IN THE wake of a complaint raised by a whistle-blowing trustee, the trustees of the Additional Curates Society have announced that almost £1 million could be distributed directly to PCCs over the next five years to support the cost of ministry in poor and populous parishes.

But the annual report in which the pledge is set out, filed with the Charity Commission last week, also includes the identification by the ACS’s new auditors of “weaknesses in the charity’s internal control environment, including deficiencies in the authorisation of expenditure”, leaving them unable to “obtain sufficient appropriate audit evidence to provide a basis for an audit opinion”.

The firm, Jerroms, writes in the report: “We also encountered missing records and documentation that hindered our ability to verify the completeness of certain income and expenses categories. . . The nature of the anomalies identified, and the ongoing nature of the investigations, have limited our ability to conclude whether material misstatements exist. The potential financial impact of any adjustments that may be required could be material and pervasive to the financial statements.”

The auditors’ statement follows a complaint raised with the Board of the ACS in 2023 by a former trustee, who compiled a dossier raising a series of concerns about the governance of the charity, including the proper use of its funds, which now total £6.6 million (News, 9 May).
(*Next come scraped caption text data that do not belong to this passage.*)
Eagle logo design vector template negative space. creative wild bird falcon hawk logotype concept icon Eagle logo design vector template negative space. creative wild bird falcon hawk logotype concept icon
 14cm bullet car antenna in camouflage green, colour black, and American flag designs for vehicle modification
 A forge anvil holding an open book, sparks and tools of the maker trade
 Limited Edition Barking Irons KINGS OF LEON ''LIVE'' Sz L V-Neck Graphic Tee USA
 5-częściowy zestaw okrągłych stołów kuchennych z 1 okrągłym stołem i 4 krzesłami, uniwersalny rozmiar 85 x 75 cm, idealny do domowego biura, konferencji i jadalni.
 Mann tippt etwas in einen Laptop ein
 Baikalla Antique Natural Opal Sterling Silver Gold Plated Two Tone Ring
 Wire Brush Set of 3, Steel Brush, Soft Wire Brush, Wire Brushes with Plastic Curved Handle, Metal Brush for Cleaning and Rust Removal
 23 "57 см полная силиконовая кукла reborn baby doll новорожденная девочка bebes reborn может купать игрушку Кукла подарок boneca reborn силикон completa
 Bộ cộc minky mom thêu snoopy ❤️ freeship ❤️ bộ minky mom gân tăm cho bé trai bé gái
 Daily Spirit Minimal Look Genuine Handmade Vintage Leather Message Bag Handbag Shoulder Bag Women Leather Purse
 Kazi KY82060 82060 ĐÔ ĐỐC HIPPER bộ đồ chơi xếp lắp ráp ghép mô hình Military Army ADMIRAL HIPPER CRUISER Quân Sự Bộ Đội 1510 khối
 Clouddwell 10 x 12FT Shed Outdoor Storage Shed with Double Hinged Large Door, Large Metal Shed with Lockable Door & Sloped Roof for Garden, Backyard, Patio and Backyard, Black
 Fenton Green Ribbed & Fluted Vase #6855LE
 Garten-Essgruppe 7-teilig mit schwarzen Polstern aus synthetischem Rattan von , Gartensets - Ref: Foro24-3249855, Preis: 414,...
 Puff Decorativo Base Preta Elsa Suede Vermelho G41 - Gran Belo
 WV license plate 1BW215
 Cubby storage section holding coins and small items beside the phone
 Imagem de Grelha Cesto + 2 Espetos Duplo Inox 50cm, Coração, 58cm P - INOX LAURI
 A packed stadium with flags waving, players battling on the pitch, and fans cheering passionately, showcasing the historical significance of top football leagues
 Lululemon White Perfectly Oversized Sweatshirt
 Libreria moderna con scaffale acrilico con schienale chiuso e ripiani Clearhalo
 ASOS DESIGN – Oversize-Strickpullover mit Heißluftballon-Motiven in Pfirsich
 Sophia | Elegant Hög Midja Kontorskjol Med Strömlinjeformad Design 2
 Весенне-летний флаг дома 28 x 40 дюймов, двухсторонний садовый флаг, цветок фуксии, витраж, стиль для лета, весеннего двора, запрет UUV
This asked questions about expenditure on the charity’s Birmingham properties, valued at more than £1 million, and which comprise the house provided for the General Secretary, Canon Darren Smith, and the ACS offices. Concerns were raised about the financial governance of the charity, listing a lack of annual budget, register of interests, quarterly management of accounts, and monitoring or sign-off of the General Secretary’s expenses and use of the corporate credit card.

“There is no allegation being made of financial impropriety,” the trustee wrote. “However, the absence of basic financial processes would certainly make financial impropriety easier to undertake and harder to detect.”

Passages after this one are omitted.